MN's Latest Book Coming August 5

No One Sees God (Doubleday)

Recent writings by atheists Richard Dawkins, Christopher Hitchens, Sam Harris and others have offered an ideal occasion for Michael Novak to return to his deepest philosophical passion: Providing a reasoned answer to questions and challenges about God.

Novak begins with experiences of suffering and meaninglessness. (His own brother was murdered in 1964, senselessly and brutally, in religious riots in Asia.) He then moves on to direct, sometimes line-by-line argument with "the new atheists" -- not to refute them, but to share their darkness regarding God.

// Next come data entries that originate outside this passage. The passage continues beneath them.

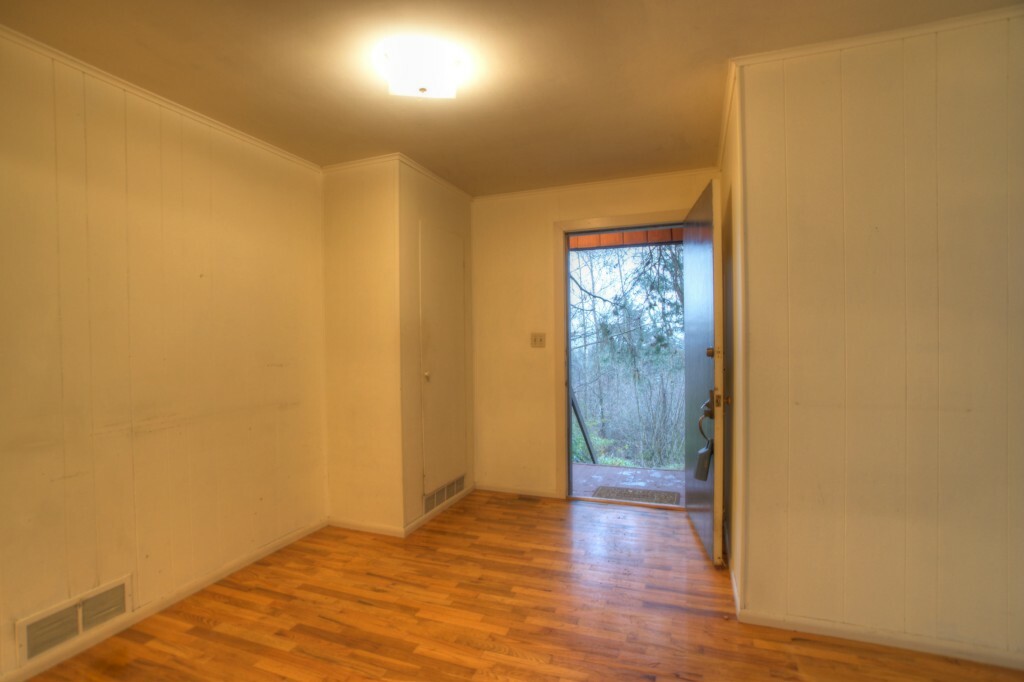 Property Photo: 6643 58th Ave NE WA 98115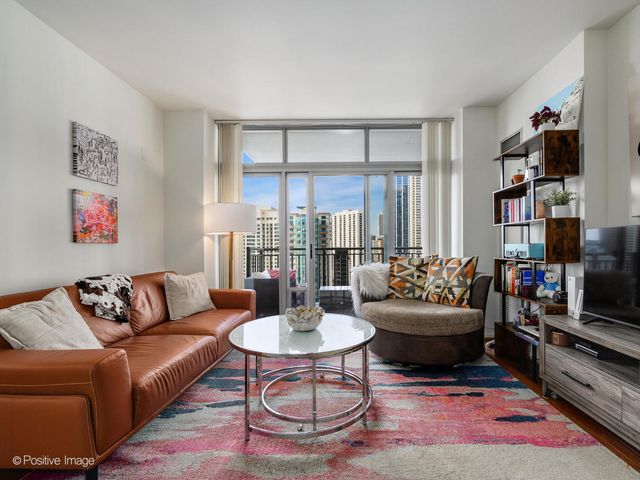 600 N Dearborn Street 1705, Chicago, IL 60610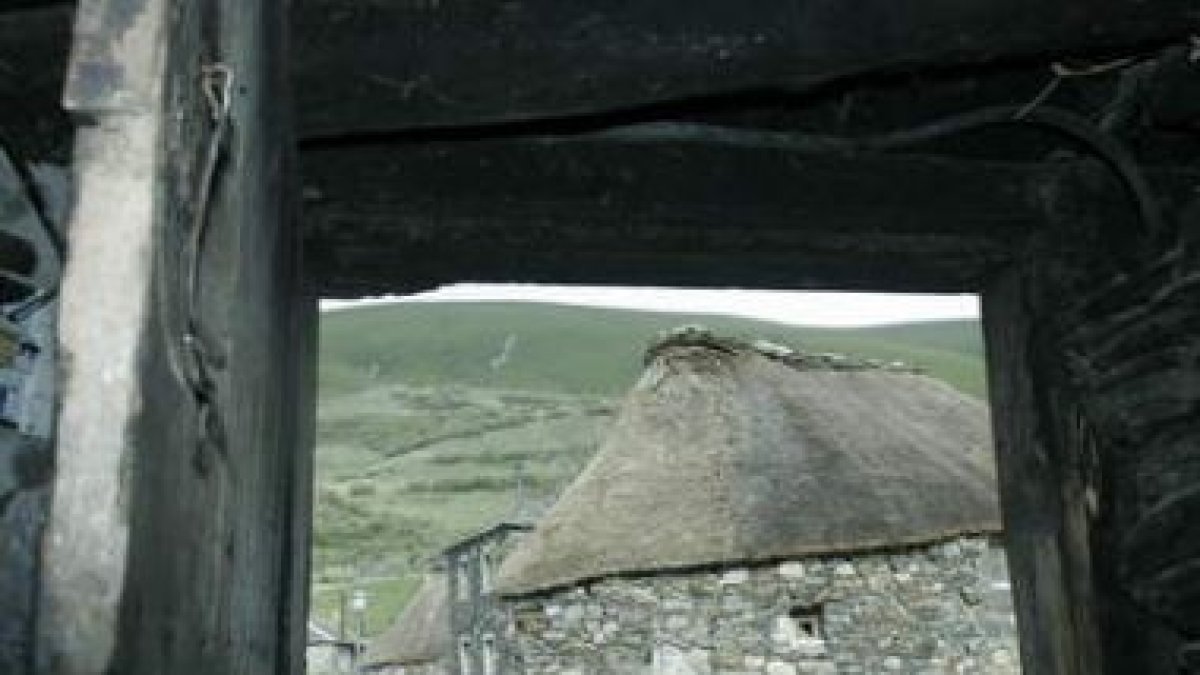 Los proyectos de mejora de patrimonio rural, como pallozas, forman parte de las ayudas.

In a spirit of comradeship, he moves step by step toward (what he has found to be) a fuller way to think of suffering and sin, prayer and trust in God.

The present age, Novak writes, is too serious for the literature of contempt which atheists, ever since the Enlightenment, have directed at believers, and which believers have aimed at atheists. This is an age of mortal danger, in which all those committed to liberty, believers and atheists alike, must learn a new way of conversing. This way requires the generous offer of mutual respect, one to the other.

The End of the Secular Age may have arrived -- the End of that Age in which the whole world was supposed to be going secular. Novak's book presages a new Age of Reasoned Conversation, in which both unbelievers and believers frankly recognize each other's dignity, in the common darkness that is their daily lot.

Michael Novak received the 1994 Templeton Prize, an award that has also gone to such world-famous and notable figures as Aleksandr Solzhenitsyn, Mother Teresa, and Charles Taylor. He has taught at Harvard and Stanford, held academic chairs at Syracuse University and Notre Dame, and now holds the Jewett Chair in Religion, Philosophy, and Public Policy at the American Enterprise Institute in Washington, D.C. His wife, Karen is a sculptor, painter, and printmaker.